The potential of the NFT Lending market is still relatively untapped. Range has actively researched this market and the avenues to generate alpha yield: engaging in refinancing loan offers on the Blend platform.
Range’s Blend Vault
Range Protocol strategically engages in Blend’s lending market, recognizing opportunities for substantial returns through loan refinancing.
Vault Address — https://app.rangeprotocol.com/nft/0xeD72A71161258FC3Dc31e57650E2b464c69f4dC1
Offering loans or refinancing on Blend involves risk, primarily tied to NFT collateral value. Our strategy provider “Tokka Labs” employs a meticulous risk-monitoring strategy, including a Dutch auction exit plan for active loans. The introduction of a rigorous model based on NFT price dynamics enhances risk assessment for loan initiation and refinancing.
Liquidity Providers (LPs)
Mint (Deposit ETH)
“Mint” occurs when an LP deposits ETH into the vault contract, which, in turn, mints vault shares representing their ownership in the vault. The number of shares minted depends on the ratio between the user’s ETH deposit and the vault’s underlying balance, converted to ETH.

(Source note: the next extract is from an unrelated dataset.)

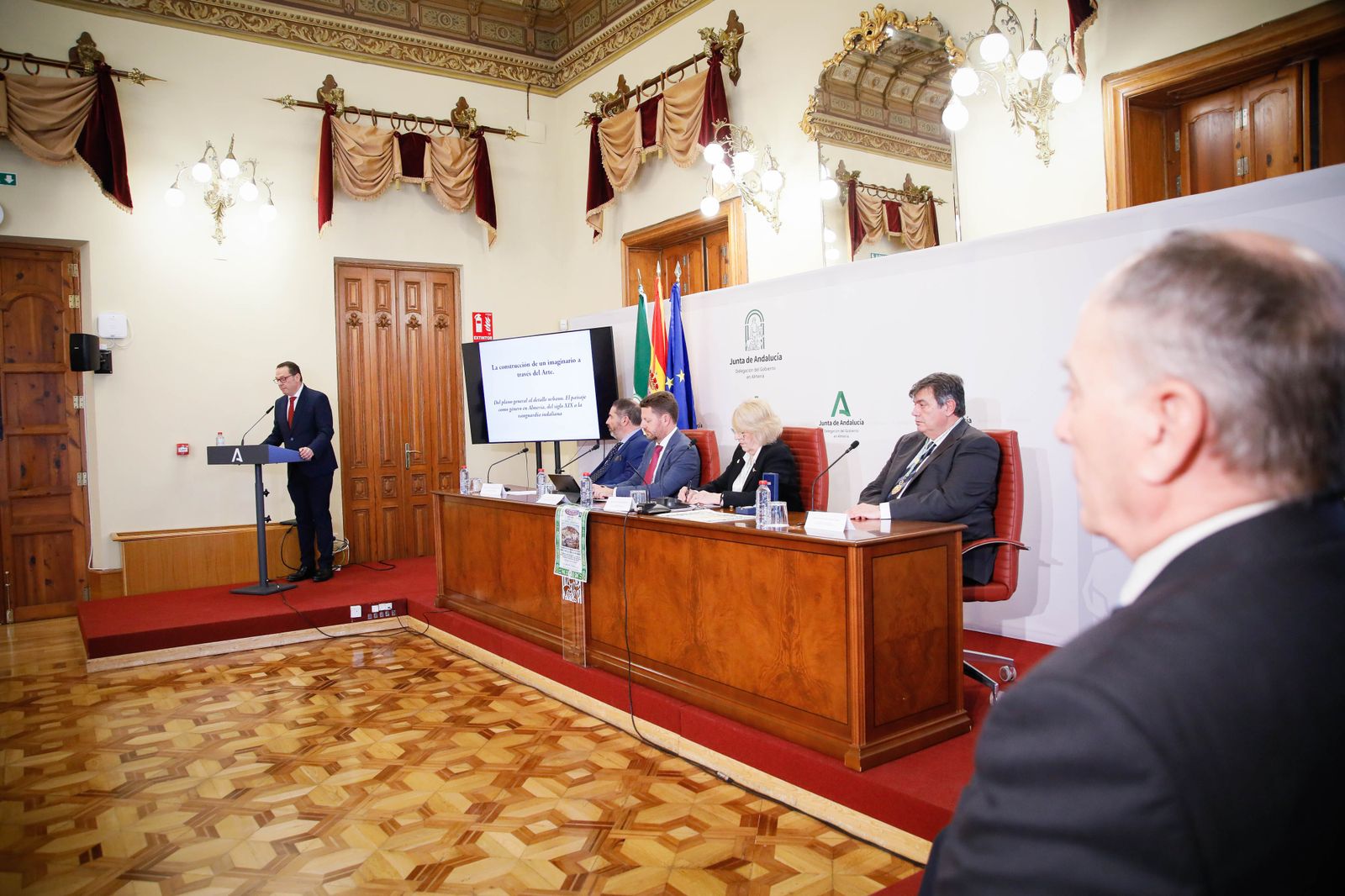 Juan Manuel Martín Robles ingresa como académico de Historia de Andalucía y te lo contamos en imágenes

The deposited ETH remains idle in the vault contract until the strategist uses them for refinancing loans on Blend.
Burn (Withdraw ETH)
LPs can “Burn” vault shares to redeem their share of the ETH balance in the vault. At any time, the vault’s assets would be 3 states -
- Passive ETH — Blur Pool ETH Balance of the vault, available for instant withdrawal
- ETH in Active Loans — ETH lent against NFTs on Blend in active loans.
- NFTs in Possession — NFTs in possession where no one refinanced the Blend loan after the vault put the active loan to auction.
Vault Manager tries to maintain 10% of the vault holdings as passive balance for LPs to withdraw. You can withdraw more assets later when the vault is rebalanced.
Conclusion: Navigating the NFT Market Effectively
Range Protocol, as a pioneer in defi liquidity provisioning strategies, brings innovation to the NFT lending landscape with its vault on top of Blend. Through data-driven models and robust risk management, Range Protocol aims to navigate the volatile NFT market successfully and make this asset segment more liquid.